“El Sol que Habla”

(Tercera parte de “La Jardinera de los Portales”)

Elia cruzó el portal.

Al principio, todo fue luz.

No una luz que doliera los ojos, sino una que acariciaba la piel como un recuerdo cálido. Cuando por fin pudo abrirlos, se encontró en una tierra que parecía salida de un sueño mitológico: cielos pintados con pinceladas de atardecer, campos llenos de flores imposibles, y un aire tan puro que cada aliento parecía una canción.

La esperaba una multitud. Personas de todas las edades y tiempos, vestidas con túnicas antiguas, rodeaban un claro donde los rayos del sol caían como columnas vivas. Nadie hablaba. Solo observaban el centro.

Y entonces, ella apareció.

Descalza, de andar majestuoso y rostro sereno, descendió como si los rayos del sol fueran su camino. Su túnica blanca ondeaba suavemente, como si el viento la obedeciera. No era la Jardinera, pero algo en su energía recordaba ese mismo poder… solo que más antiguo, más vasto.

Un halo brillante rodeaba su cabeza, irradiando no solo luz, sino conocimiento. Era como si el propio sol se hubiese hecho carne para guiar a Elia.

Te hemos estado esperando, hija de la semilla. —dijo la mujer, su voz multiplicada en los ecos del cielo.

Elia se acercó, y la mujer le sonrió.

Lo que sembraste en tu mundo no era solo vida. Era el eco de una memoria olvidada. Aquí, donde el tiempo no dicta leyes, crecerá lo que tu corazón recuerde.

La mujer extendió su mano. En su palma, la semilla que Elia había traído comenzaba a brillar con los colores del arcoíris. En ese instante, Elia comprendió: ella no era solo una portadora. Era la raíz.

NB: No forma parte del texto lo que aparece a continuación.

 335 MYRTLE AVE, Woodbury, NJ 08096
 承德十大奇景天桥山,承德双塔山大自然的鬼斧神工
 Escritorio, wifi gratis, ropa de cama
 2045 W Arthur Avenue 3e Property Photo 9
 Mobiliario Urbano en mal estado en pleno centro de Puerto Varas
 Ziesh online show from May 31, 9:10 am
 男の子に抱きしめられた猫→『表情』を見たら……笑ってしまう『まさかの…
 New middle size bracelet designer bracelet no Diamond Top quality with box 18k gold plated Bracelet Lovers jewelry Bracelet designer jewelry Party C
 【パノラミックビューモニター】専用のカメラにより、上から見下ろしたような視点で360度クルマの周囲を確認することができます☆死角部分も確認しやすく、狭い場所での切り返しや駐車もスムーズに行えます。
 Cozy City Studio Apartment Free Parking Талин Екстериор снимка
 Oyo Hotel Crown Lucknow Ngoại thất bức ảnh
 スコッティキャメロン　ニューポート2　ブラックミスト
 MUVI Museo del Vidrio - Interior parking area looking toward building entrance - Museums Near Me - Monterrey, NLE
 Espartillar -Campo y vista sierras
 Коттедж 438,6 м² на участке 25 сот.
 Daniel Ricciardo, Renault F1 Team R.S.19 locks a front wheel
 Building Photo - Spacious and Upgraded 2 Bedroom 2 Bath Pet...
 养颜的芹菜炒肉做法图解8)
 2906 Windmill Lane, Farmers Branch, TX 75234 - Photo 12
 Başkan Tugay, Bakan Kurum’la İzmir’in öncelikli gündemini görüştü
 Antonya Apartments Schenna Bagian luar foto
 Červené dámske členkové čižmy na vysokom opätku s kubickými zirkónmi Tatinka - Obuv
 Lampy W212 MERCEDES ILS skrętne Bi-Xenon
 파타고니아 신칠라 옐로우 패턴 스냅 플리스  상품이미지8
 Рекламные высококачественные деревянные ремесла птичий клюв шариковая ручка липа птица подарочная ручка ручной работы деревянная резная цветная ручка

Elia tomó la semilla y la plantó. Del suelo brotó un árbol de luz, cuyas ramas alcanzaban las estrellas y cuyas raíces temblaban a través de todos los mundos.

Así comenzó la restauración.

La mujer solar, guardiana del Equilibrio, desapareció en un destello… pero su huella quedó en cada flor, cada palabra, cada historia que Elia comenzaba a escribir en ese nuevo mundo.